### Provided material
= = = =

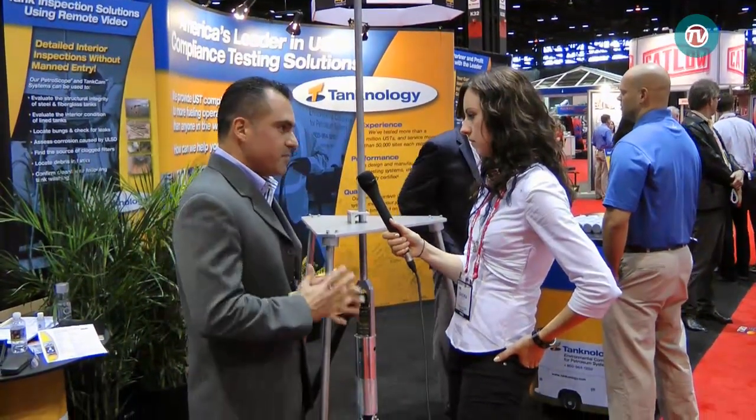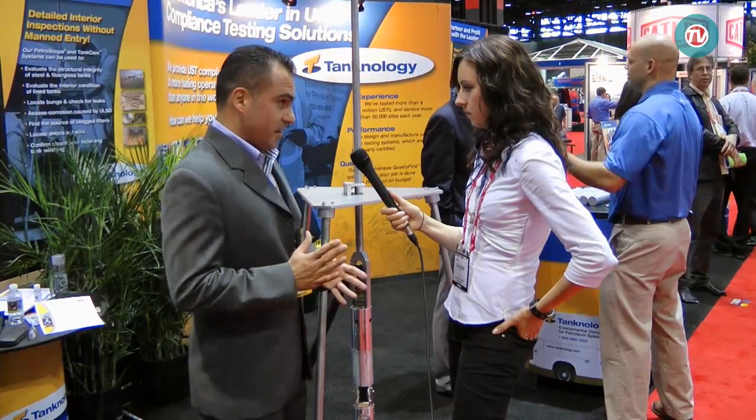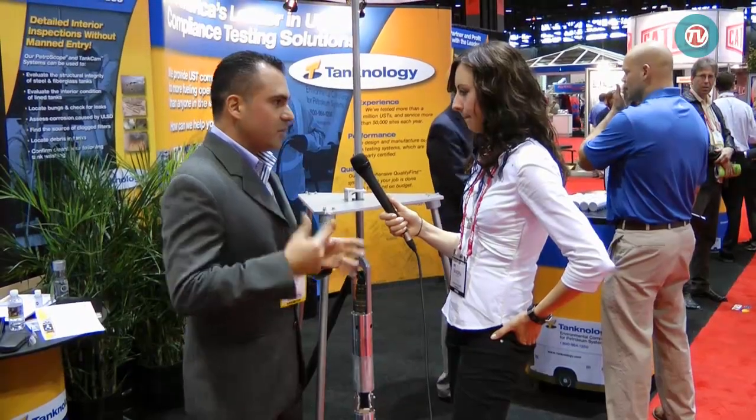Ignacio, what kind of innovations is your company showcasing today? For this year we are showcasing the Petroscope camera. We came up with a new system called the Version 7 camera, which has newer and better enhancements from our previous systems, including much better zooming capabilities. The Petroscope is a system we use to go inside tanks to check them for corrosion and for integrity. We do not put a man inside the tank. We check all the inside of the tank, provide a DVD and a report, so the customer can make good decisions about keeping the tanks in operation or if they need any maintenance.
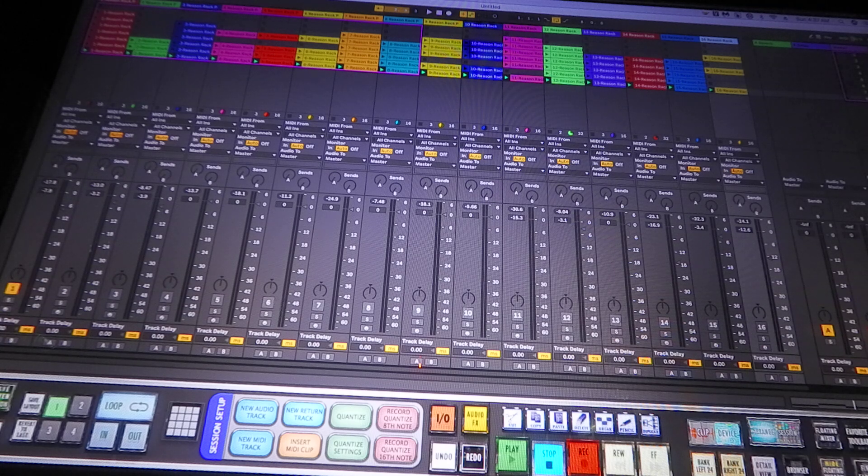Yo, what's good? I hope everybody's enjoying the Reason Rack. I wanted to go ahead and show you guys what I've been working on and how the program is actually performing for me. On the overall of it, everything is running real smooth. There ain't no lagging, there ain't no delay or anything like that.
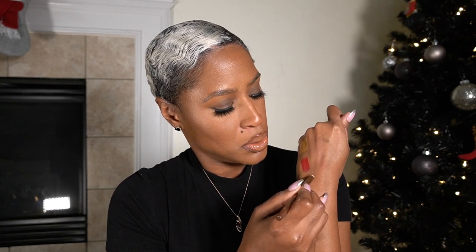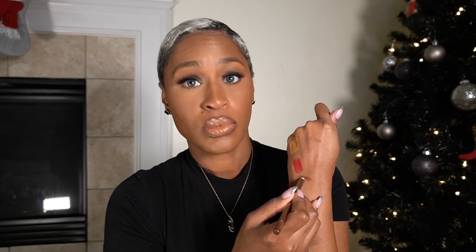The next item I got is a lip liner — the Charlotte Tilbury Lip Cheat in the color Foxy Brown. It reminds me of Cork lip liner from MAC, which is one of my favorites. It's a beautiful brown.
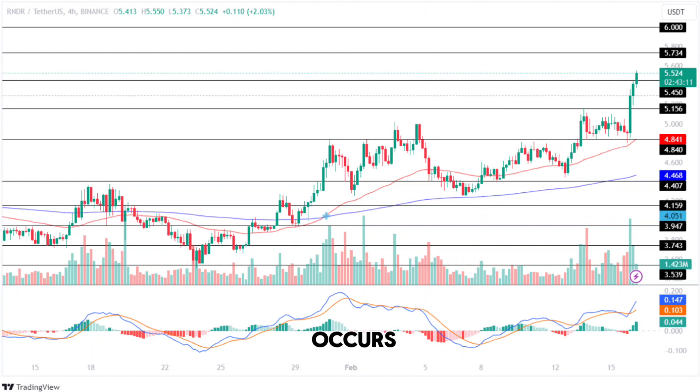Conversely, if a trend reversal occurs, the RNDR price will lose momentum and fall to test its lower support level of $5.156. Moreover, if the bears continue to dominate the market, it will plunge and prepare to test its crucial support level of $4.840 this month.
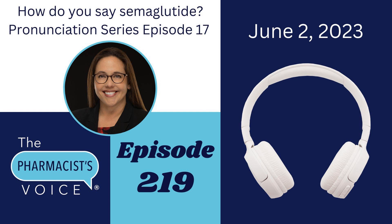Ozempic has three syllables. O, like the letter in the alphabet. Zem, which rhymes with gem. And pick, like you pick a summer vacation destination. Put that all together and you get Ozempic. Which syllable gets the emphasis? It is zem. See if you can hear the syllables and the emphasis when I say it slowly: Ozempic. Ozempic.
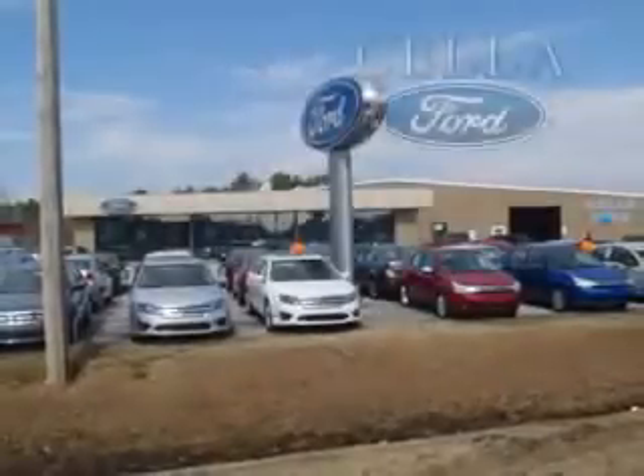See us at Sell a Ford today. Sell a Ford, creating customers for life.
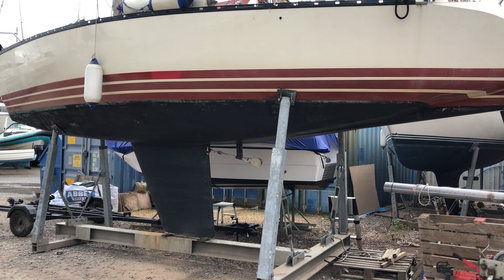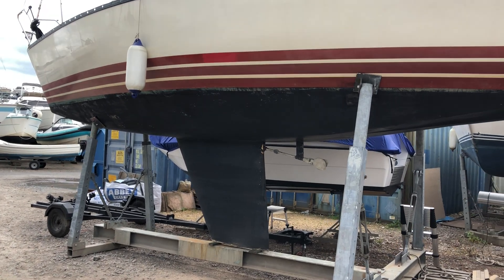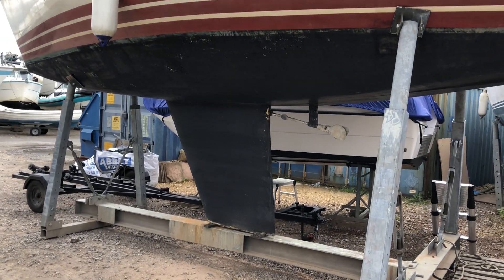Hi, this is Roger from Boatshed Southampton. Let's have a look at the underwater profile of this X95 that we've currently listed.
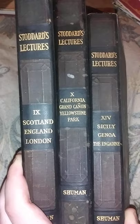Hey guys, it's Jamie here. I am wanting to show you guys what I got. My husband came home with ten of these books and they're very old. The person that he worked with gave these books to him. They are Stoddard's Lectures and they're very, very old.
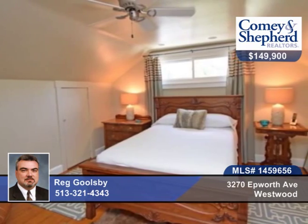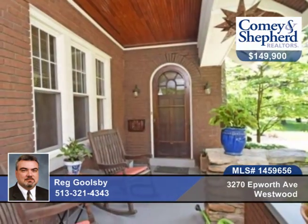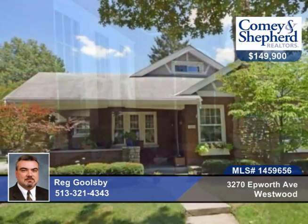A new kitchen with granite and stainless steel appliances, new master bath, and a gorgeous patio and landscaping, and wraparound porch. Check out this 4-bedroom, 2-bath home with Reg.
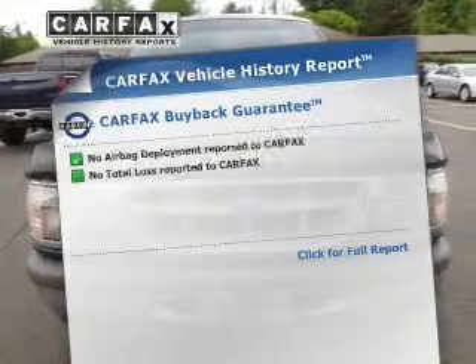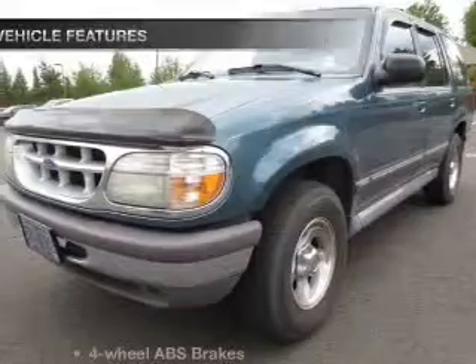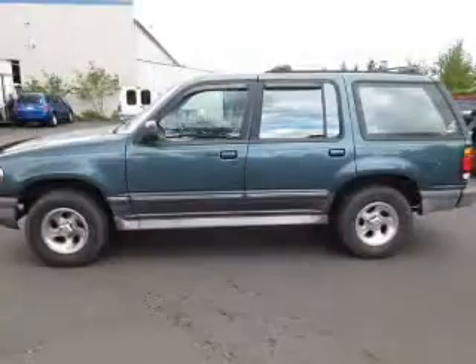Rest easy knowing this vehicle comes with a Carfax Vehicle History Report from Carfax, the most trusted provider of vehicle information. And with these notable features, you won't want to miss out on the opportunity to own this amazing ride. Power steering.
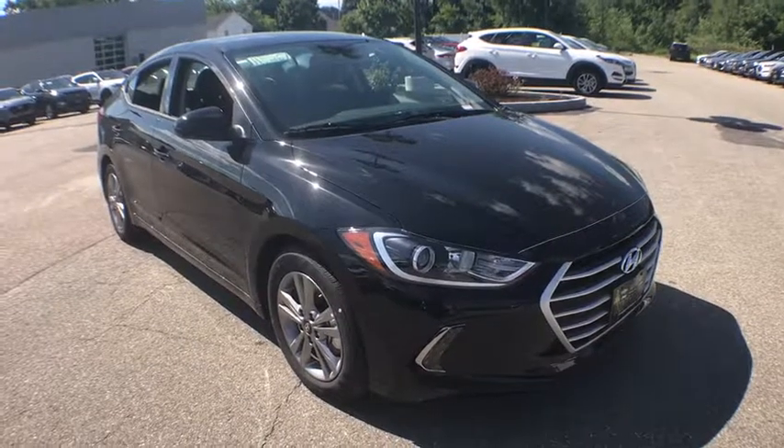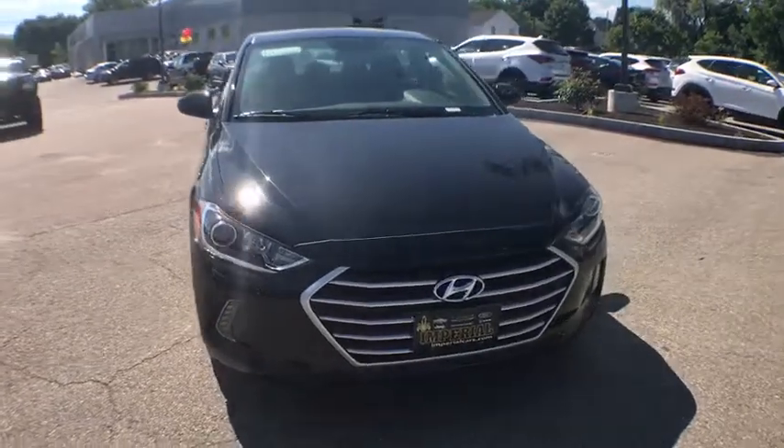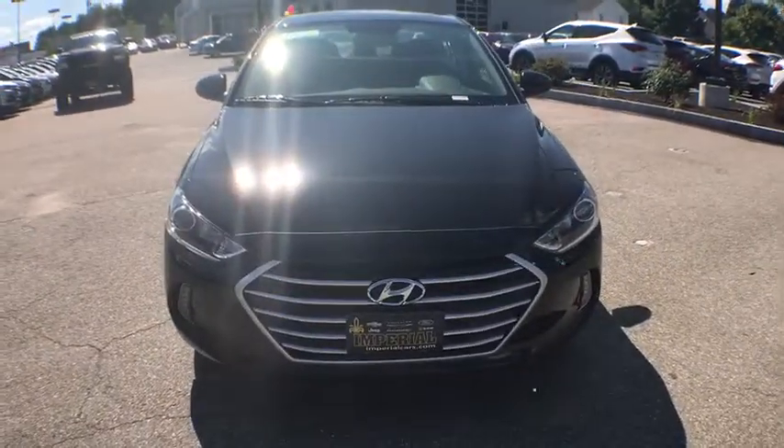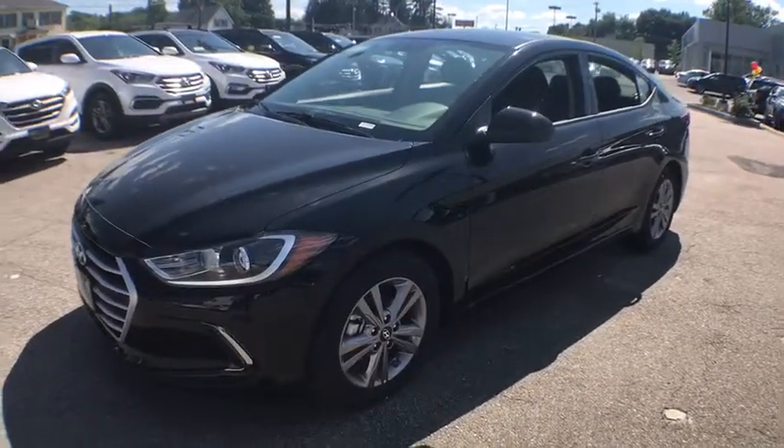The 2018 Hyundai Elantra. The Elantra boasts the most interior room in its class and gets an exceptional 35 mpg. With its luxurious standard features, the Elantra is an easy choice.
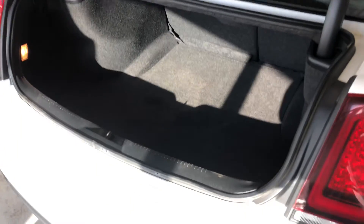Pop it open nice and easy with the button here on the key fob. Lots of room back here — great for all your Costco trips and road trips as well.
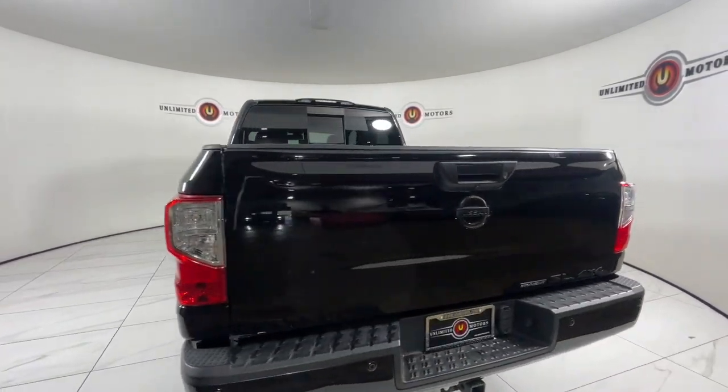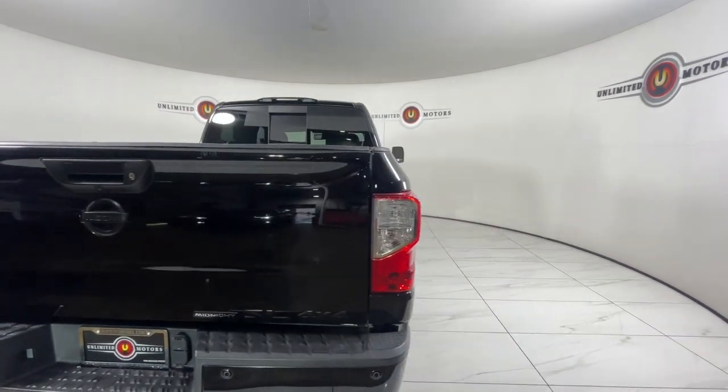Treat yourself to a test drive today. Our staff will toss you the keys and give you an outstanding customer experience.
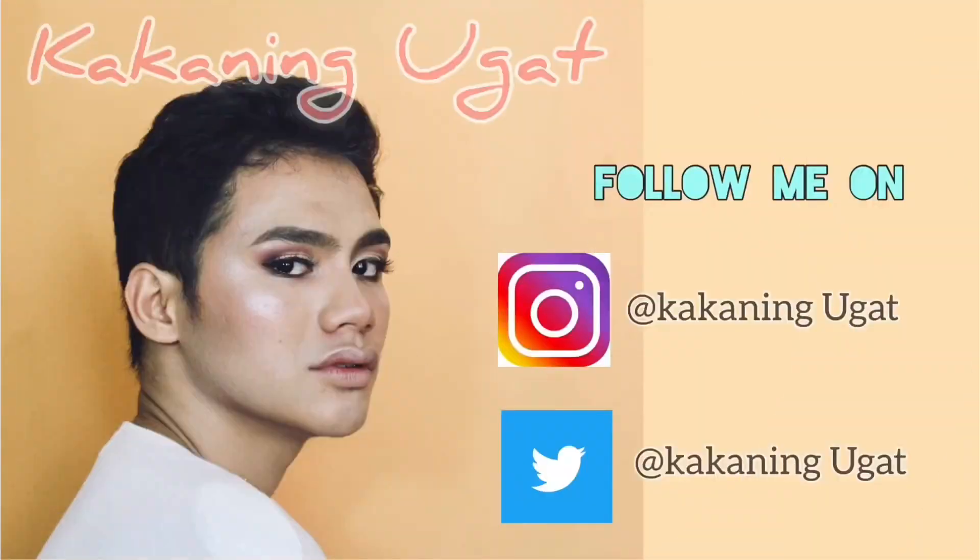So I think that's it for this video. If you like this video, comment down below and please give it a thumbs up. If you have any product suggestions for me to try, just comment down below or DM me on Instagram. Follow me on my Instagram, Twitter, and Facebook — all at kakaninguga. Thank you for watching this video, God bless us all, and I'll see you next time.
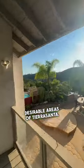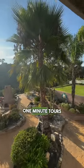Just take a look at this — it's a good setup. I think it's great for entertaining and that view is crazy. This is one of the most desirable areas of Tierra Santa. Contact me for more info or tours.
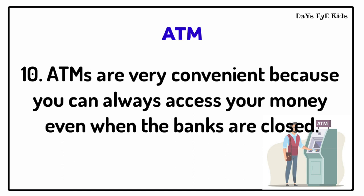ATMs are very convenient because you can always access your money even when the banks are closed.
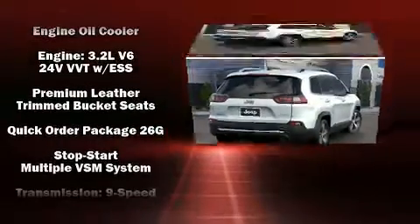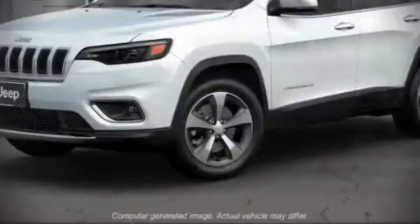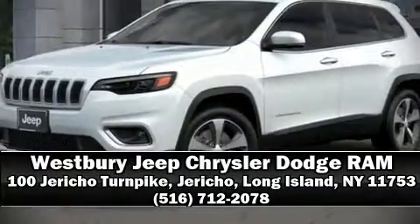Various mechanical systems are monitored by electronic stability control, keeping you on your intended path. Please don't hesitate to give us a call.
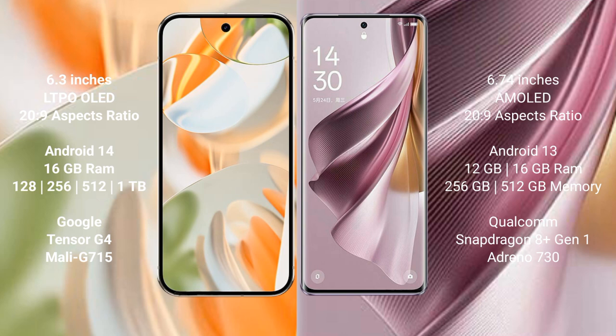The Google Pixel 9 Pro runs on the Android 14 operating system, while the Oppo Reno 10 Pro Plus runs on the Android 13 operating system. The Google Pixel 9 Pro comes with 16GB RAM.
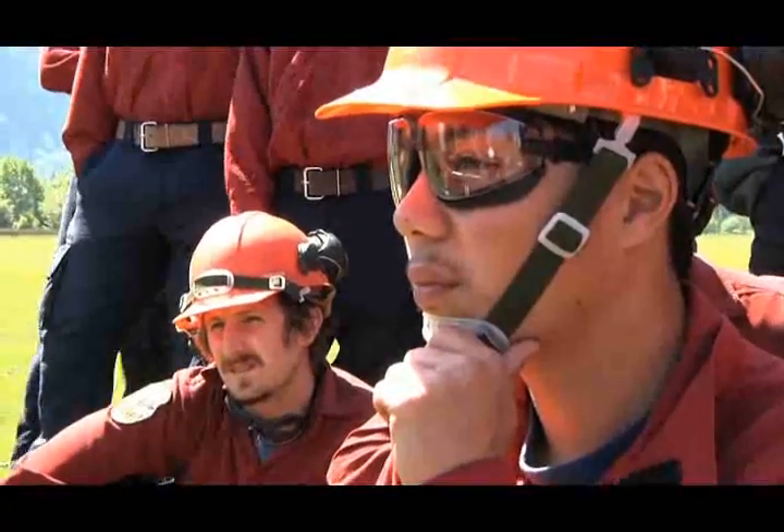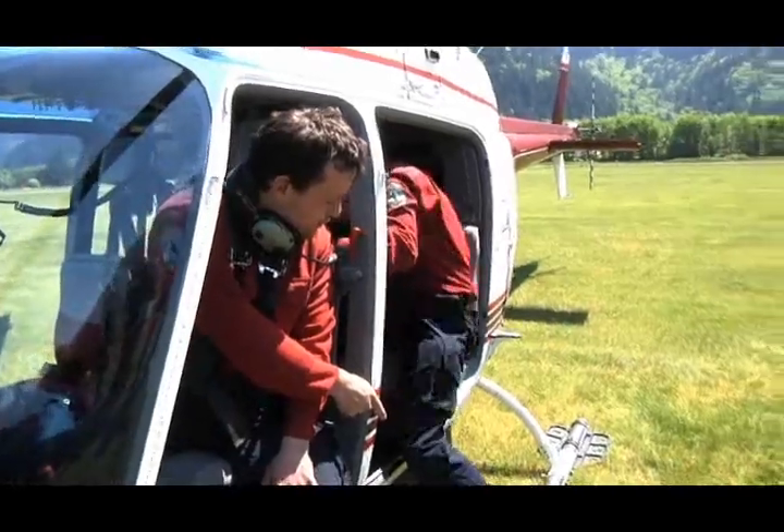Today the crews are undertaking their hover exit certification, and this is a certification they have to do every year to make sure that they can exit a helicopter safely.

= = = =

Give back exactly the lines of the listing above from the one that contains "Treat yourself to" up to and including the one that contains "Just take a", but not the pictures, and no other lines.

### Solved problem
Treat yourself to a test drive today. Our staff will toss you the keys and give you an outstanding customer experience.
So I think that's it for this video. If you like this video, comment down below and please give it a thumbs up. If you have any product suggestions for me to try, just comment down below or DM me on Instagram. Follow me on my Instagram, Twitter, and Facebook — all at kakaninguga. Thank you for watching this video, God bless us all, and I'll see you next time.
Just take a look at this — it's a good setup. I think it's great for entertaining and that view is crazy. This is one of the most desirable areas of Tierra Santa. Contact me for more info or tours.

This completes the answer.